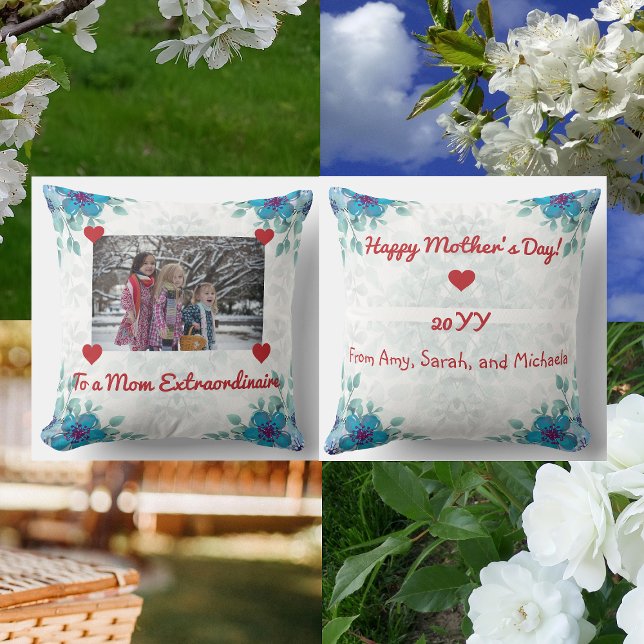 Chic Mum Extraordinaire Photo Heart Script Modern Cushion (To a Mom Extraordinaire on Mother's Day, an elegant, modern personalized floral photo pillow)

* * *

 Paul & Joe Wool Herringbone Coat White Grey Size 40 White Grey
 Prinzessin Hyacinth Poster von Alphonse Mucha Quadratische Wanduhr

* * *

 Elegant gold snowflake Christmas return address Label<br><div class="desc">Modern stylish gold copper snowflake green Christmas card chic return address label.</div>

* * *

■ WHAT YOU SHOULD DO
Copy back the listing above exactly, but only from the line with "Paul & Joe Wool" through the line with "Prinzessin Hyacinth Poster", both ends included.

■ RESPONSE TO THIS TASK
 Paul & Joe Wool Herringbone Coat White Grey Size 40 White Grey
 Prinzessin Hyacinth Poster von Alphonse Mucha Quadratische Wanduhr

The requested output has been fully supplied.